*Your assignment*. In the entries below, find the line with "this 236×356 image.", then set it down exactly along with each line after it to the end, skipping any pictures.

*Extracted records*.
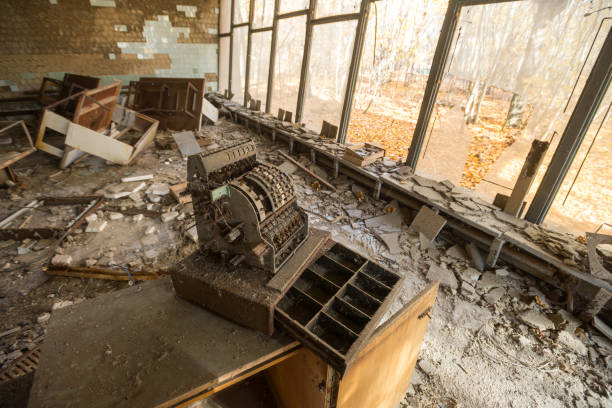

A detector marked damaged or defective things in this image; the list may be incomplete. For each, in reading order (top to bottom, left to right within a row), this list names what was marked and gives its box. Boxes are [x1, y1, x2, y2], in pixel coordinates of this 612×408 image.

broken tile [408, 206, 448, 241]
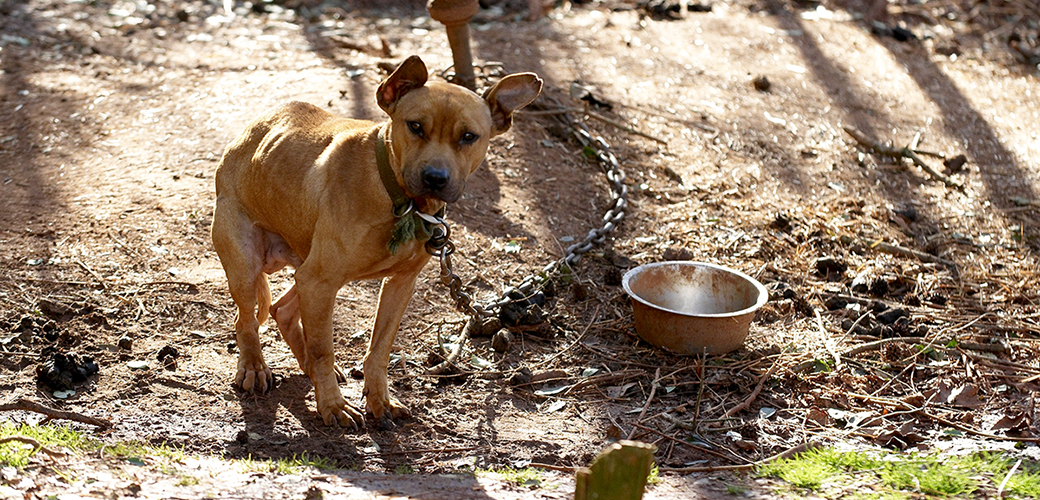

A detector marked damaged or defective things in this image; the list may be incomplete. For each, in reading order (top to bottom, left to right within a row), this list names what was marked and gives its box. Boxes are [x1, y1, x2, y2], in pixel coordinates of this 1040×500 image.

rusted metal pipe [426, 0, 478, 90]
rusty metal bowl [619, 260, 769, 355]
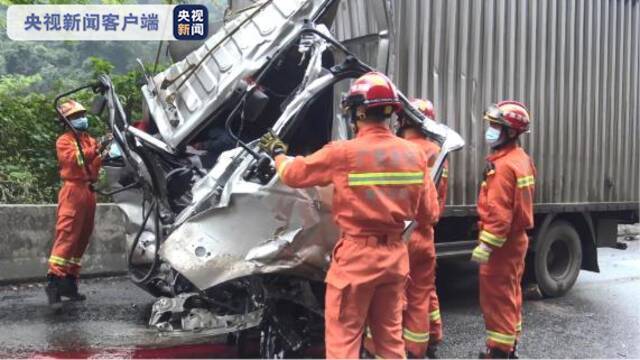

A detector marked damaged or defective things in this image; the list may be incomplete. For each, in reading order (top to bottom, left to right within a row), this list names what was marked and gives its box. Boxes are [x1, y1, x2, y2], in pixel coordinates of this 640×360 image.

wrecked truck cab [102, 0, 464, 352]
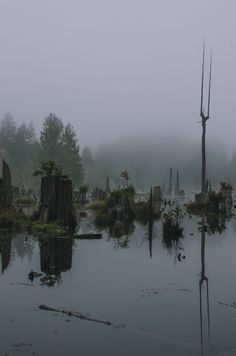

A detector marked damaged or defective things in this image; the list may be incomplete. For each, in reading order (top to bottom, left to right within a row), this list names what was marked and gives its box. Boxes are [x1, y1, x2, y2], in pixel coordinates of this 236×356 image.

broken stick in water [38, 306, 125, 328]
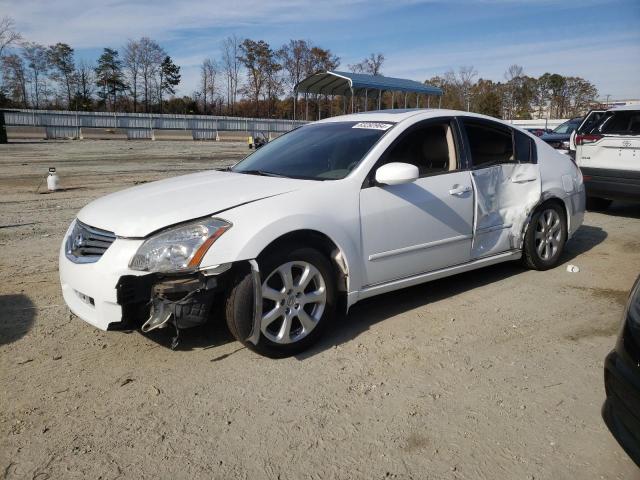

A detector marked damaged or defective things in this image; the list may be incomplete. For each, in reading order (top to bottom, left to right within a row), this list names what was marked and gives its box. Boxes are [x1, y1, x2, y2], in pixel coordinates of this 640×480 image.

damaged white car [60, 109, 584, 356]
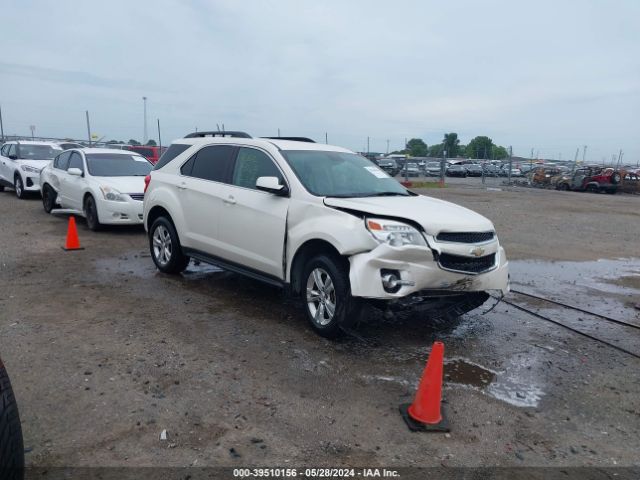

*Answer*.
A detector marked damaged or defective things in this image; the list may be incomplete. For each, in reading order (top to bottom, left to right within a row), this list names what was marked and gives its box. Boxes are [x1, y1, x2, y2], in pixel coordinates of this 236×356 image.

broken stick in water [38, 306, 125, 328]

A detector marked damaged or defective things in this image; the list may be incomplete. For each, in reading order (top to bottom, left to right within a row), this list names what was marked and gives its box. Boxes are [x1, y1, x2, y2], in pixel coordinates of this 640×480 image.

damaged white car [60, 109, 584, 356]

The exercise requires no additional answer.